Dal quotidiano La Repubblica

La qualità senza controlli
Ecco come difendersi

di CARLO PETRINI


Un'Ansa di ieri sera dice che la diossina rilevata nei suini irlandesi proviene da olii industriali finiti in una macchina usata per asciugare il mangime. Cosa significa? Mistero.

Ma questo piccolo dettaglio tecnico spalanca un panorama vertiginoso, nel quale abbiamo una sola certezza: non abbiamo il controllo della situazione. Anche se in etichetta ci scrivono da dove viene e come è stato alimentato il maiale, come potremmo immaginare che il mangime che gli hanno dato è stato prodotto bruciando oli industriali non consentiti? È esattamente questo che cerchiamo di comunicare quando diciamo che occorre mangiare meno carne.

L'unica condizione per avere il controllo sulla qualità della carne che mangiamo è abbassare i consumi. Se ne mangiamo di meno, e quindi ne verrà prodotta di meno, con cicli meno veloci, con alimentazioni meno artificiali, che prevedano meno passaggi, meno elaborazioni, meno variabili, allora possiamo sperare di avere un qualche tipo di sicurezza alimentare. E intanto, ma queste sono riflessioni per visionari, si libererà il pianeta di un bel po' di Co2, si risparmierà acqua, si eviterà di spianare foreste, non sarà necessario pavimentare il mondo di monocolture di mais o di soia.

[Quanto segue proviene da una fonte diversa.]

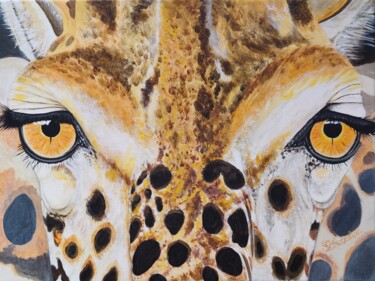"Regard d’une girafe" başlıklı Tablo Coralie Chevalier tarafından, Orijinal sanat, Akrilik Ahşap Sedye çerçevesi üzerine mon…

Chi chiede l'etichettatura e una norma che obblighi alla dichiarazione dell'origine di ogni alimento ha ragione. E si sta trovando davanti un'Europa poco reattiva, che sembra non comprendere che la tracciabilità, la trasparenza delle informazioni è l'unico strumento per proteggere la salute pubblica e al contempo l'economia.

Troppe volte le richieste di rigore informativo sono state respinte con la motivazione che un prodotto ben "tracciato" farebbe concorrenza sleale agli altri. Se io dico che un olio è prodotto in Italia, a patto di dire la verità, non sto facendo concorrenza sleale a nessuno: sto dando un servizio al cittadino. Non sono gli omertosi che vanno protetti. Non è la confusione che va alimentata.

Tuttavia le etichette non possono metterci al riparo dall'infinita possibilità di delinquere che il mondo della produzione sa mettere in atto. L'unico elemento che ci può proteggere è la promozione della qualità.

Sembrava averlo intuito il presidente della Commissione agricoltura, Paolo Russo, quando ha dichiarato che oltre all'etichettatura occorre "una politica che incrementi il valore del lavoro degli allevatori"; ma evidentemente pensava a qualcosa di diverso perché ha aggiunto "favorendo l'aumento delle quantità dei capi ed il miglioramento delle performances produttive".

Non si fa qualità pensando alla quantità. E non c'è motivo di continuare con questa ossessione della quantità in un'Europa sempre più obesa, cardiopatica e diabetica, in cui tutti si sgolano a dire che bisogna mangiare meno carne. Mangiamone meno, mangiamola buona, paghiamola il giusto e compriamola da chi ci fidiamo.

O forse, un'altra opzione c'è, non alternativa, ma complementare. Quella di una comunità europea che lavori con cognizione di causa su ogni singola derrata alimentare, ricordandosi di essere un'istituzione eletta e pagata dai cittadini e che deve fare i loro interessi prima di quelli dei grandi poteri economici.

Un'Europa in cui le politiche agricole diventino politiche alimentari, e quindi guardino a un settore così complesso esaltandone le peculiarità e proteggendone le debolezze. Proviamo a pensarci, tra qualche mese, mentre andremo a votare: questa volta la Cina non c'entra.